Necessary Job Skills
Computational science and applied mathematics are important both to Brian’s individual job and to the industry as a whole. In order to reduce customer downtimes, Brian’s team must understand the algorithms being used to perform upgrades and data conversions, analyze these algorithms and new processes for potential performance bottlenecks, and work toward creating more efficient and reliable systems. They must have a good understanding of security fundamentals like cryptography, data integrity, and authentication, in order to ensure systems are properly secured and not prone to attacks.

Work/Life Balance
The Epic company culture provides a bolstering and understanding atmosphere. When the opportunity for a new, exciting, and high-priority project came his way, Brian committed to dedicating a lot more time to work to see the project through to fruition, which he feels is often necessary if you really want to push yourself to doing the next great thing.

Career Path
Brian knew he wanted to be in a profession that would make a significant impact in the world, and he saw chemical engineering as the door that could lead him to helping make the next pharmaceutical breakthrough or assisting to revolutionize the energy industry. After interning at Shell and GE, and taking some computer science courses and thoroughly enjoying them, he realized the software industry moved at a much faster pace and better fit his personal drive to see rapid innovation and improvement. Moreover, when he discovered Epic in the electronic medical records industry, he became confident that he could still make a big difference in people’s lives by improving healthcare.

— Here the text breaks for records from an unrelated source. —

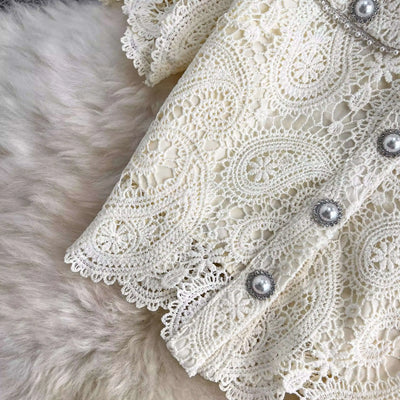 Elegante vestido longo de pérolas, conjunto feminino de 2 peças, manga curta, flor, bordado, camisa de renda, saia midi evasê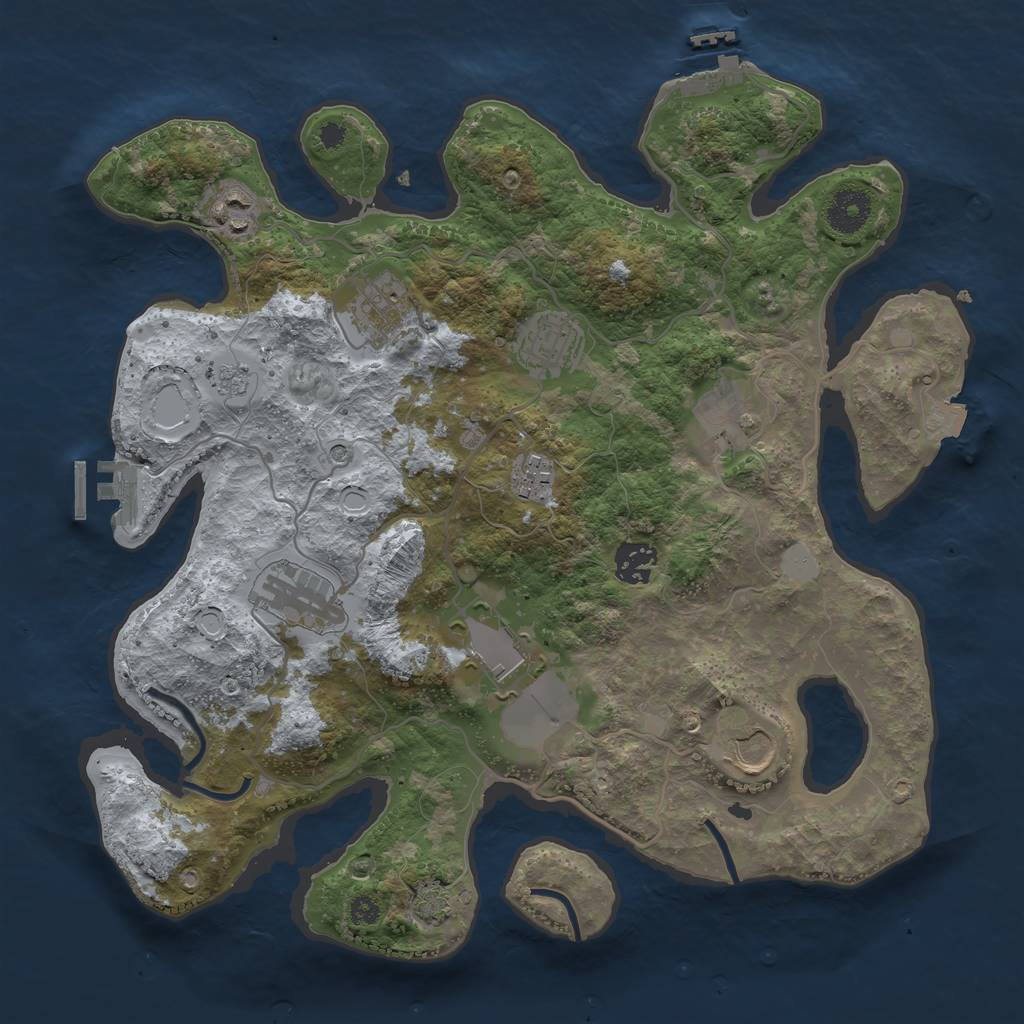 Rust Map: Procedural Map, Size: 3500, Seed: 171785126, 17 Monuments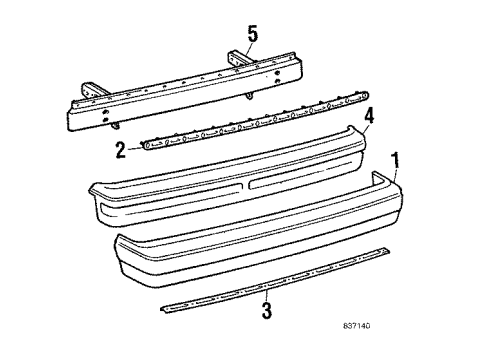 1984 Toyota Starlet Cover, Rear Bumper Diagram for 52159-10030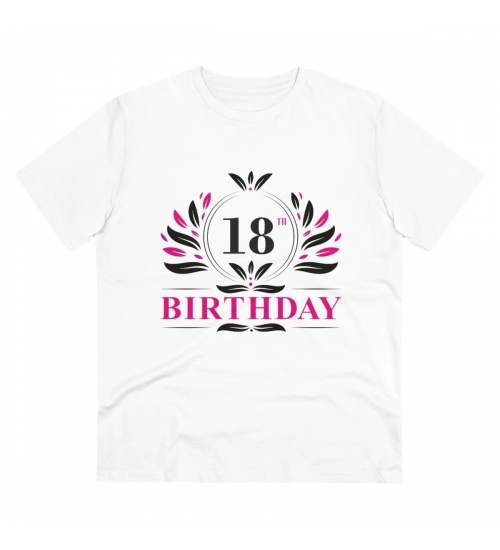 Men's PC Cotton 18th Birthday Printed T Shirt (Color: White, Thread Count: 180GSM)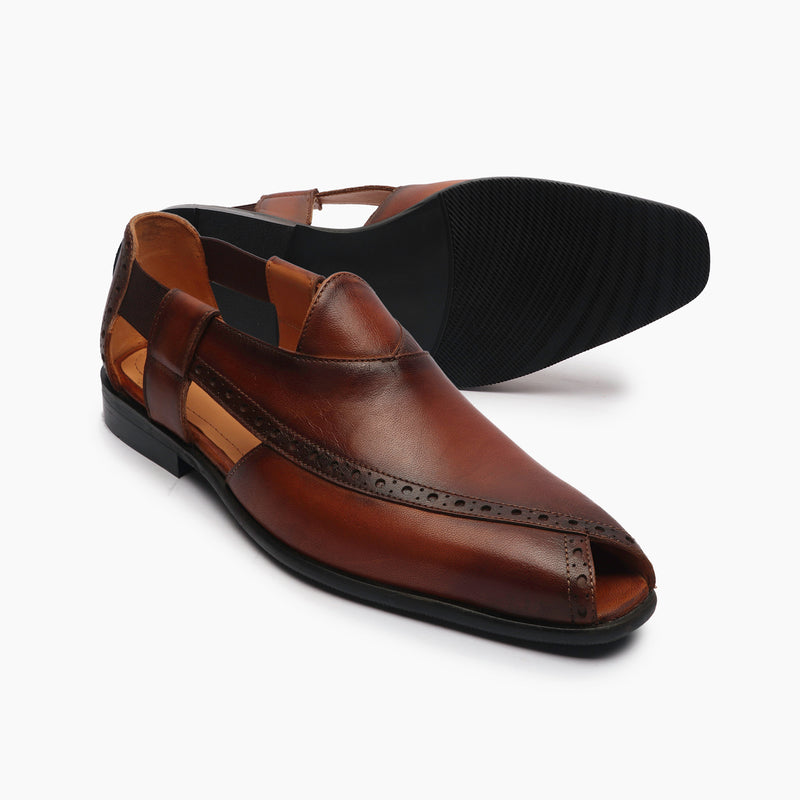 Peshawari Slip Ons With Punch Detail cognac side and sole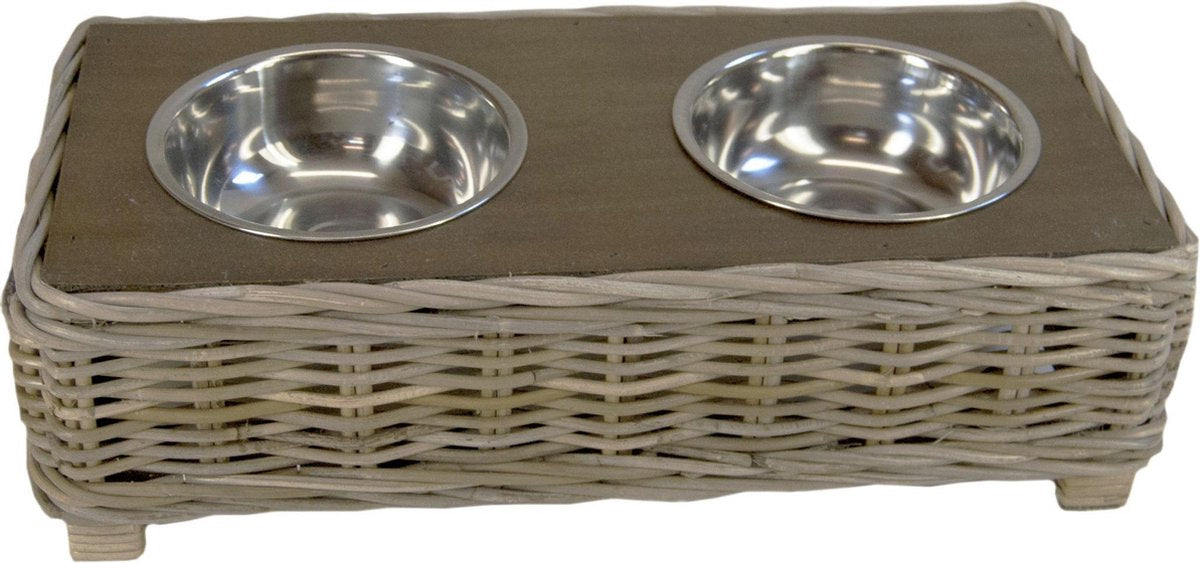 Rieten - Dieren Voerbak - Grijs Rotan - Eetbak - Voederbak - RVS - 50x25x15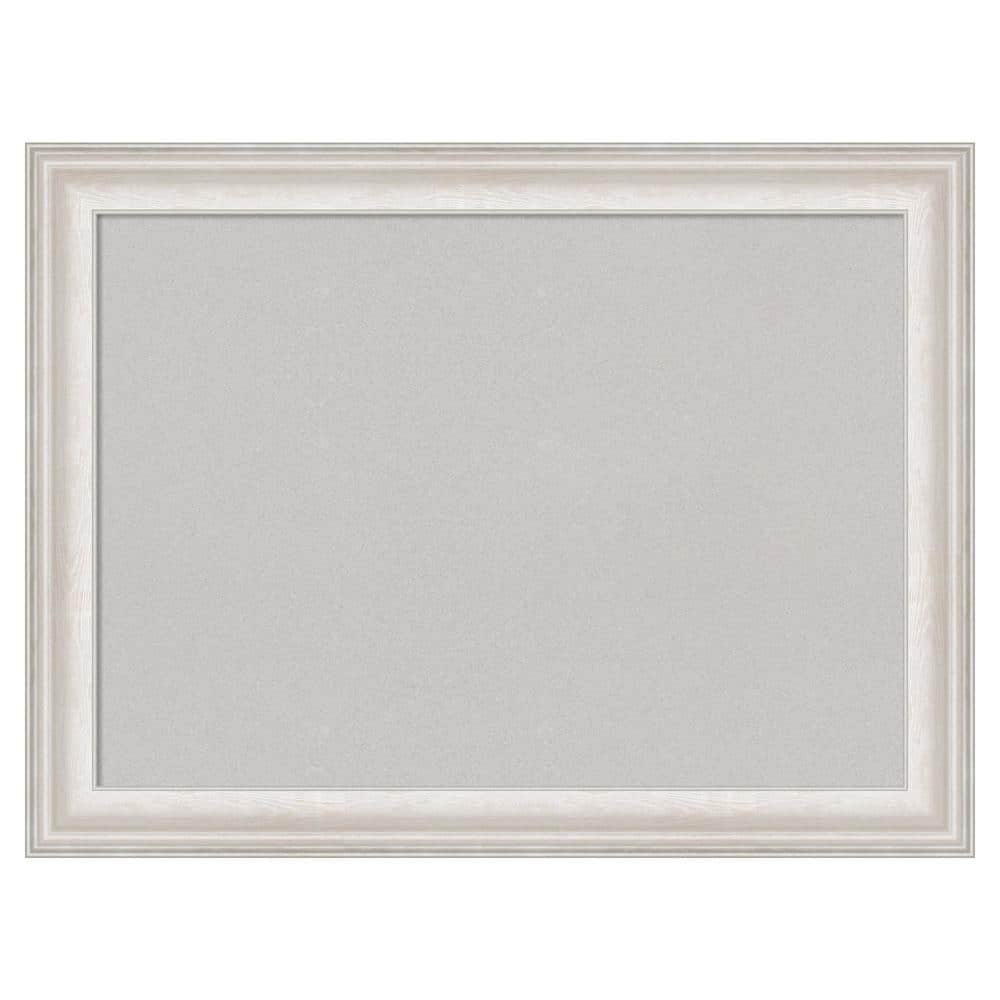 Whitewash Framed Bulletin Board With 3 Hemp Ropes, Rustic Linen Pin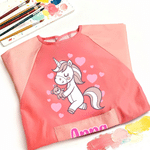 Personalised Cartoon Fantasy Unicorn Kid Painting Baking Long Sleeve Apron with Name and Front Pocket Outdoor Activities Birthday Gift for Kids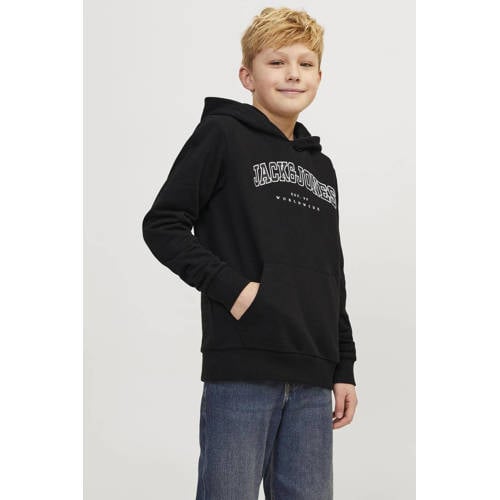 JACK & JONES JUNIOR hoodie JJECALEB VARSITY met logo zwart Sweater Jongens Katoen Capuchon
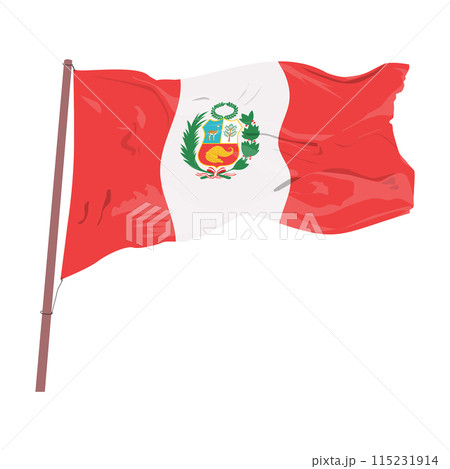 Peruvian flag on the white background. Peruvian flag on the white background. 115231914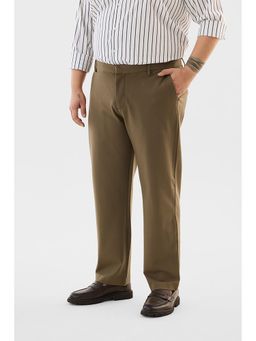 Snitch - Brown Solid Regular Plus Size Trouser For Men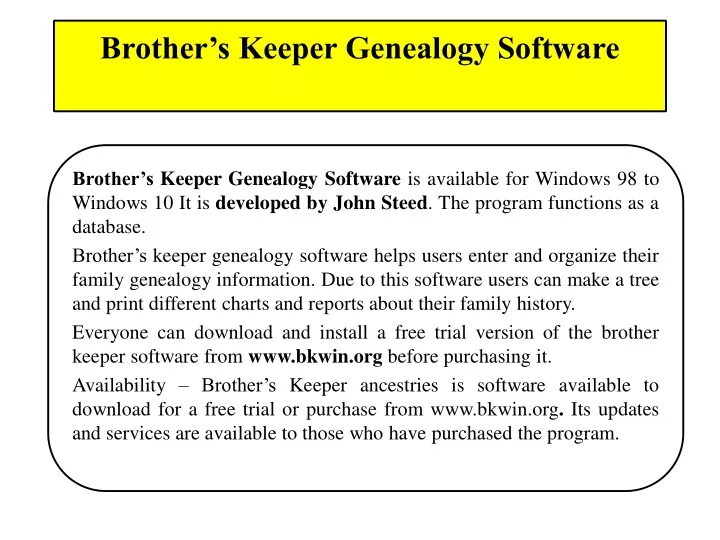 brother s keeper genealogy software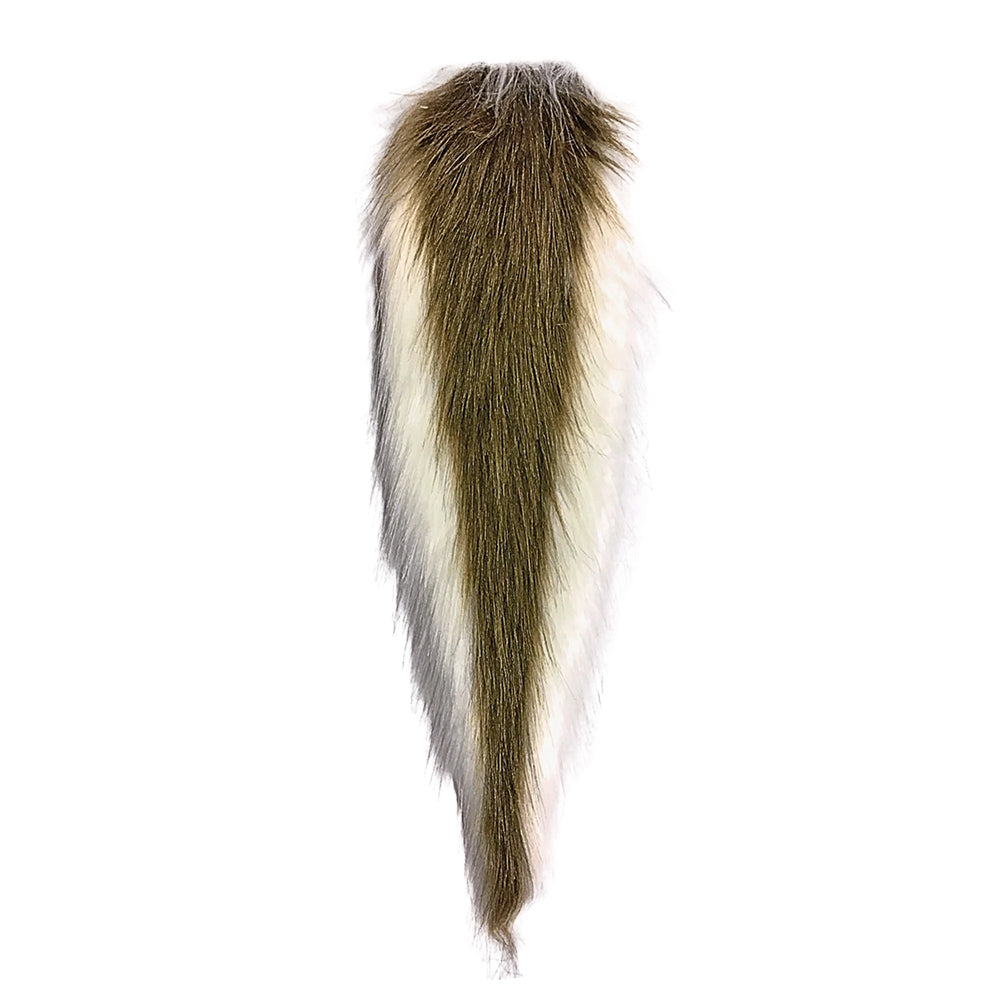A long, narrow faux fur deer decoy accessory with a brown top section, a central cream-white stripe, and a gray outer edge, shown against a plain white background.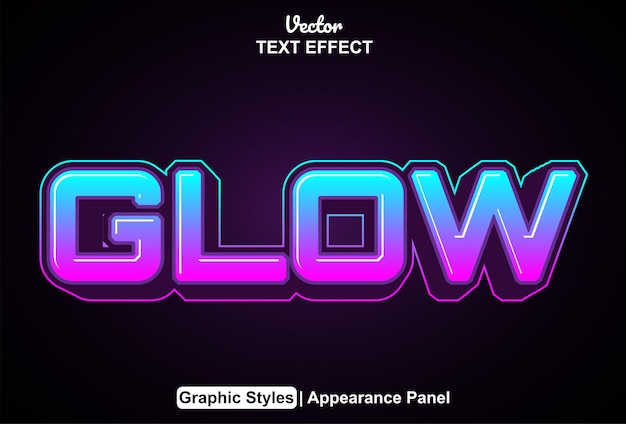 Glow text effect with graphic style and editable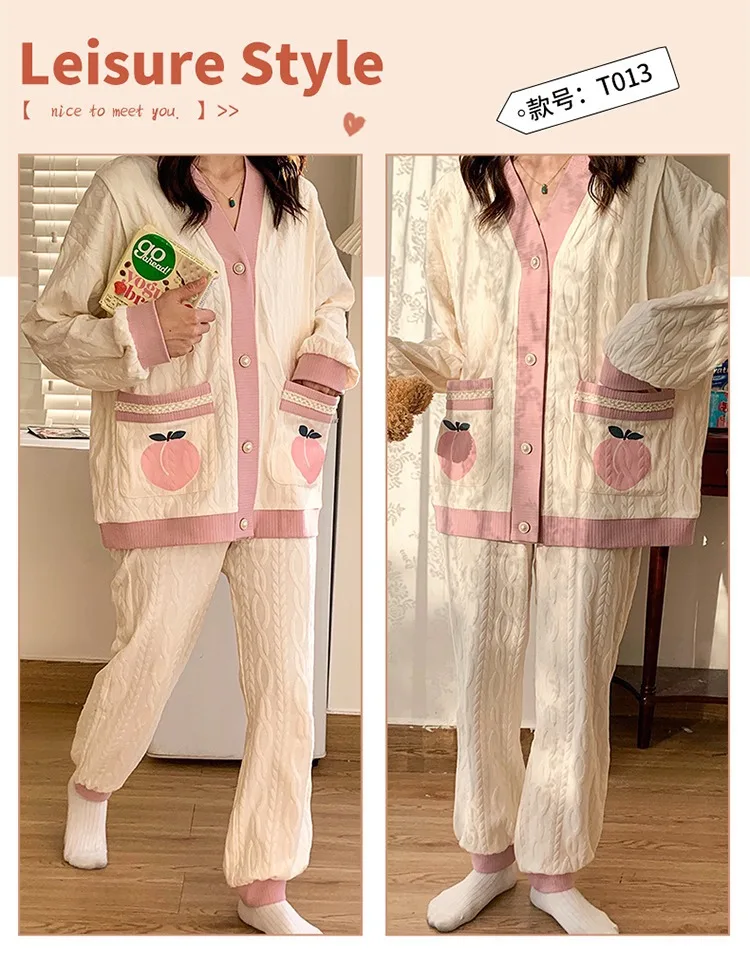 Woman Spring and Autumn Nursing Nursing Cotton Maternity Wear Summer Thin Postpartum Pregnant Women Pajamas Home Clothing Set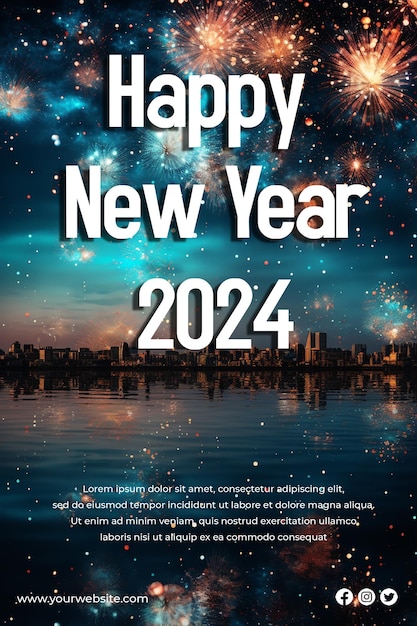 Poster di buon anno sui social media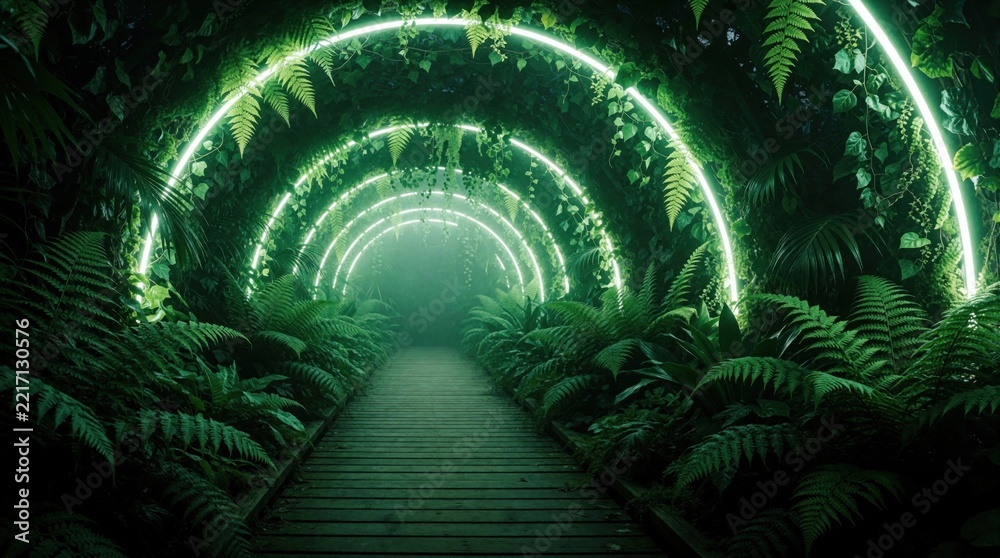 Fototapeta premium Wooden walkway leads through rich green tunnel with bright neon lights. Tropical plants, ferns create leafy archway in garden. Glowing green lamps illuminate forest path inside greenhouse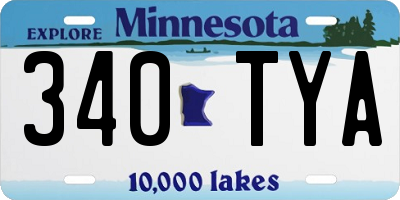 MN license plate 340TYA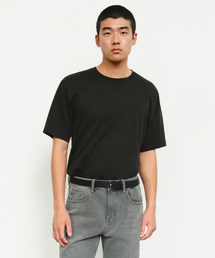 [プラス] 記者 コットン レギュラークルーネック Tシャツ [ブラック]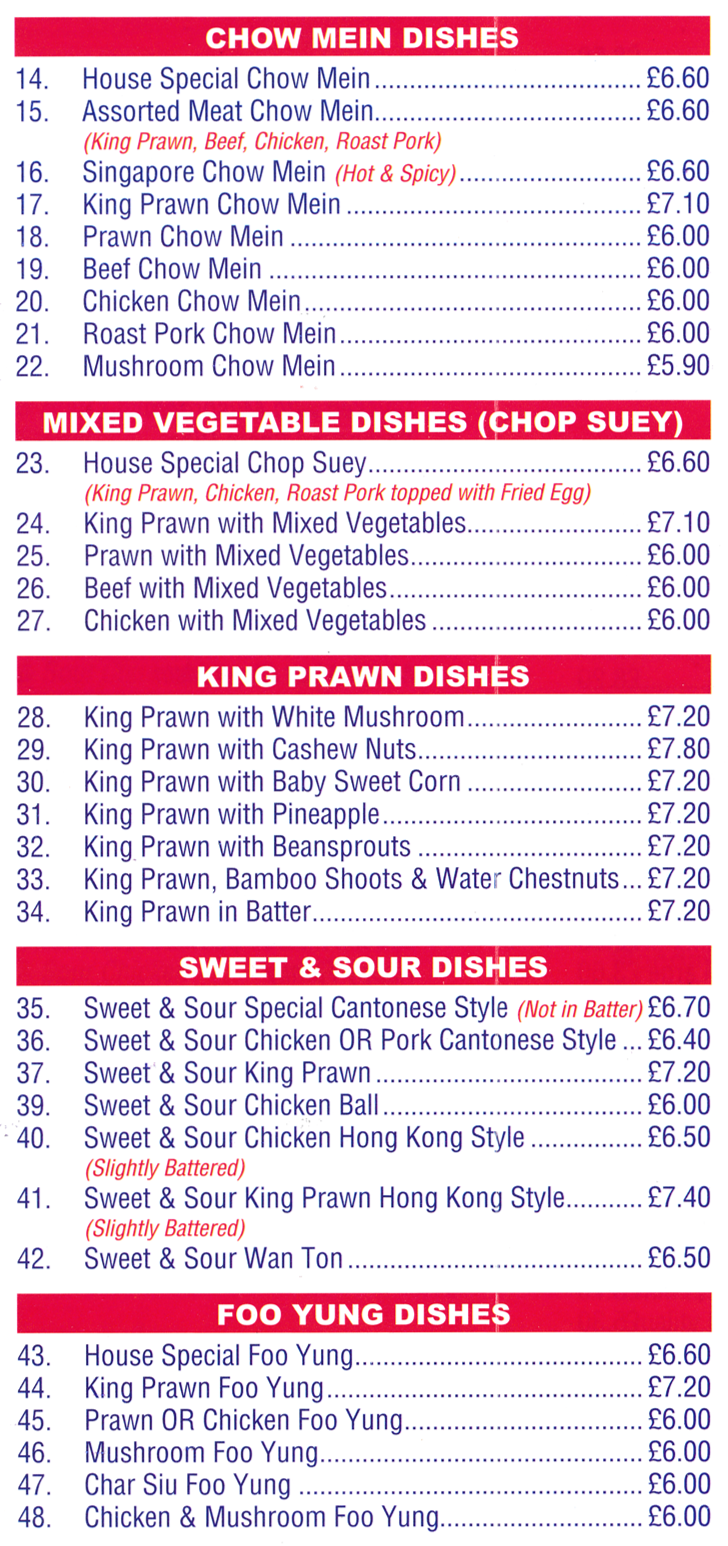 Menu for Classic Canton - Sweet & Sour Chicken Balls, King Prawn Foo Yung, Roast Pork Chow Mein, House Special Chop Suey..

Learn to communicate! Your ideas will not help many people if you cannot share them. And the more you talk with different individuals, the more opportunities you will find, and the more you will be inspired by other ideas and brilliant co-workers hoping to make the same difference in the world as you.

Career Expectations and Advice
“Knowing an important end goal is a huge motivator.”
Get practical industry experience early through internships and job opportunities! The real world can be quite different than the idealistic academic world. For example, developing at a large company with many integrated and well-established products, you must constantly be thinking about how you could inadvertently break functionality for a feature on another team, or how you must be backwards-compatible with a customer on an older version of the software. Industry experience significantly pushed my decision to move from chemical engineering to computer science, and even for those who plan on staying in academia, it can reveal what practical applications can benefit from innovative research. Knowing an important end goal is a huge motivator.

Salary
Typical salaries for software developers early in their careers range from $80,000–$120,000 per year. This can grow towards $120,000–$150,000 as you prove yourself, begin leading projects, and have a key role in large, more important, and more complex projects.